La région d’Aix-en-Provence, dans laquelle vous avez choisi de vous implanter, a-t-elle eu une influence sur votre projet ?

Je suis originaire de Marseille, c’était donc intéressant pour moi de revenir dans la région. Mais surtout, nous avions trouvé une association d’agriculteurs irrigants qui était basée à Aix-en-Provence. Cela avait donc du sens de choisir le Sud.

Quels sont les différents éléments matériels sur lesquels repose votre solution ?
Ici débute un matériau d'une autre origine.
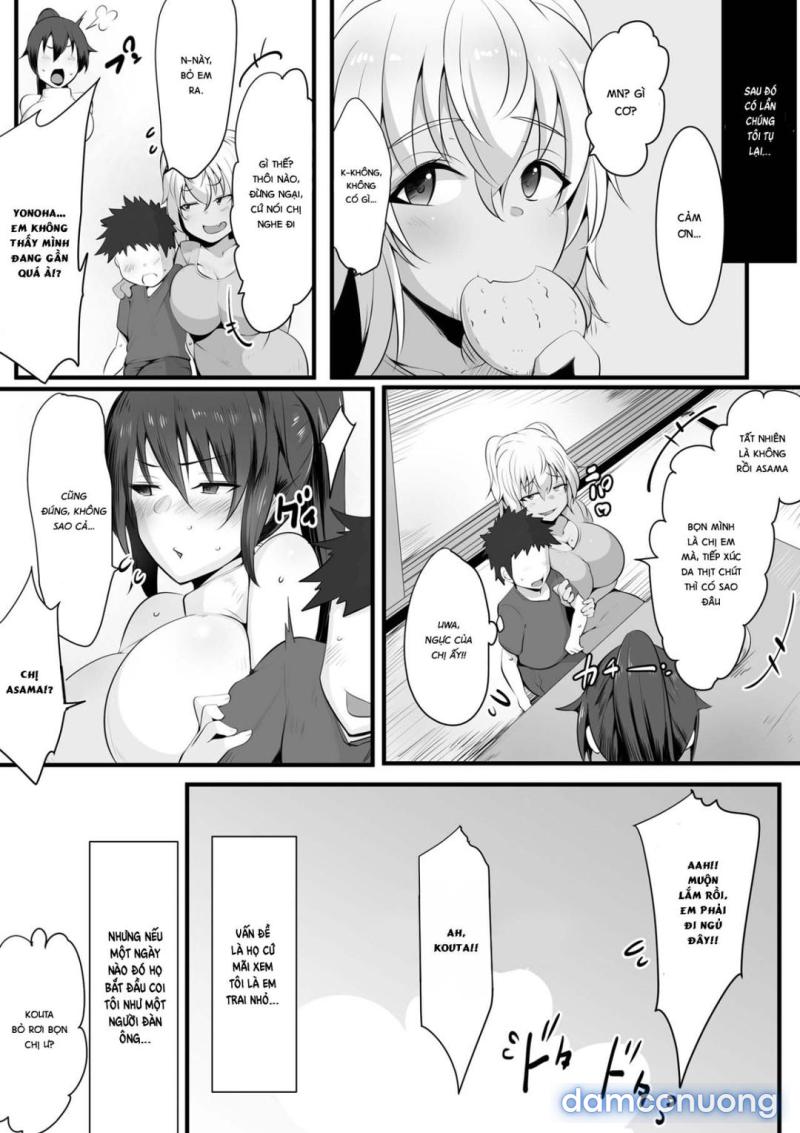Hai Chị Gái Hy Sinh Vì Võ Đường Oneshot - Trang 10 - Dâm Cô Nương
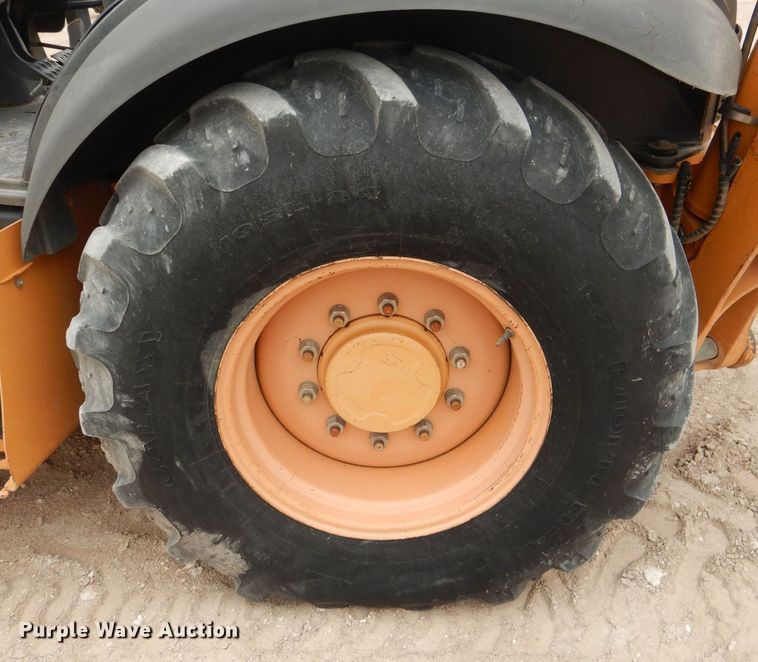 image for item DJ8990 2011 Case 580N  backhoe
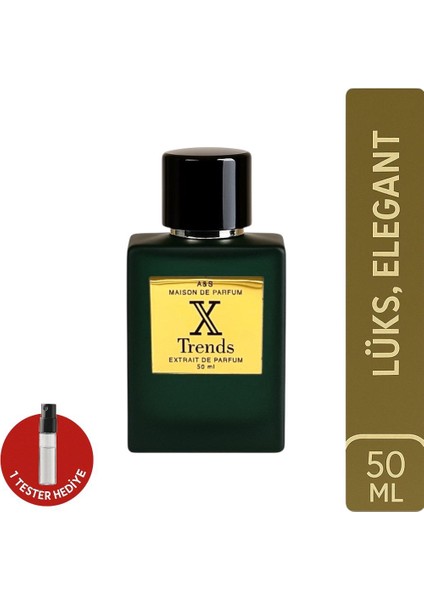 – Criminal Elixir – Extrait De Parfum - 50 ml- Erkek Parfüm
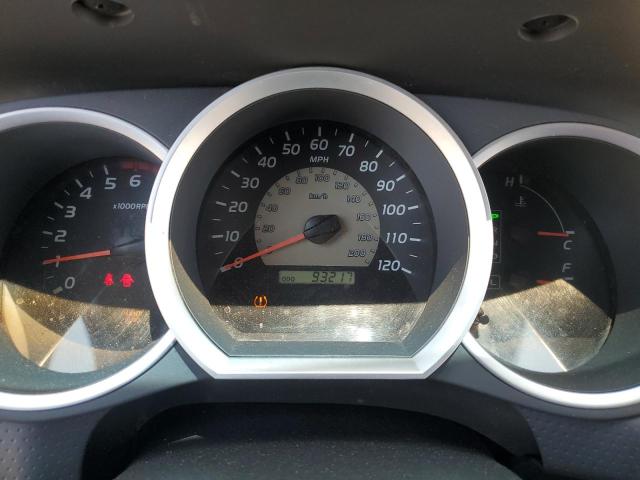 5TETU62N99Z596915 - 2009 TOYOTA TACOMA PRERUNNER ACCESS CAB RED photo 9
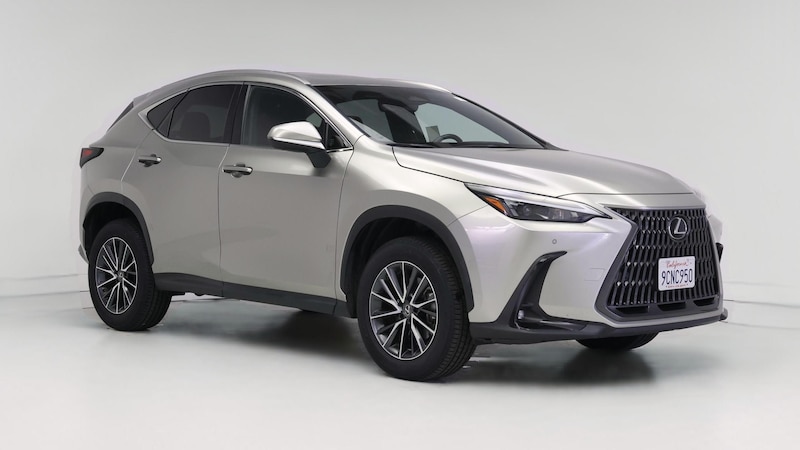 2022 Lexus NX Hybrid 350h Premium Hero Image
Nous avons développé un capteur de pression plug & play, le « Mano », qui permet de mesurer à la fois la pression dans le système et le débit d’eau. Nous proposons également un boîtier de communication, l’Agromote. Il s’agit de la partie « surveillance » du système d’irrigation et cela permet de s’assurer qu’il n’y a pas de fuite d’eau ou d’autres anomalies. Avec ce même boîtier, on va également pouvoir piloter des vannes ou des pompes et les programmer à distance, ce qui permet ainsi de planifier son irrigation. L’intérêt de combiner ces éléments réside justement dans le fait, lorsque l’on planifie une irrigation, de pouvoir s’assurer que les vannes sont bien ouvertes, que les pompes fonctionnent bien et donc que chaque plante a bien reçu la bonne quantité d’eau. De plus, un planning d’irrigation étant basé sur une modélisation, on peut être certain, avec ce système, que les quantités d’eau apportées correspondent à celles intégrées dans le modèle. Si jamais tout ne s’était pas passé comme prévu, on va ainsi pouvoir modifier sa modélisation. Nous avions, au départ, choisi de faire réaliser l’assemblage de ces équipements en Allemagne, mais il s’est finalement avéré qu’un très bon assembleur était présent à Marseille, nous avons donc décidé de faire appel à lui et cela se passe très bien.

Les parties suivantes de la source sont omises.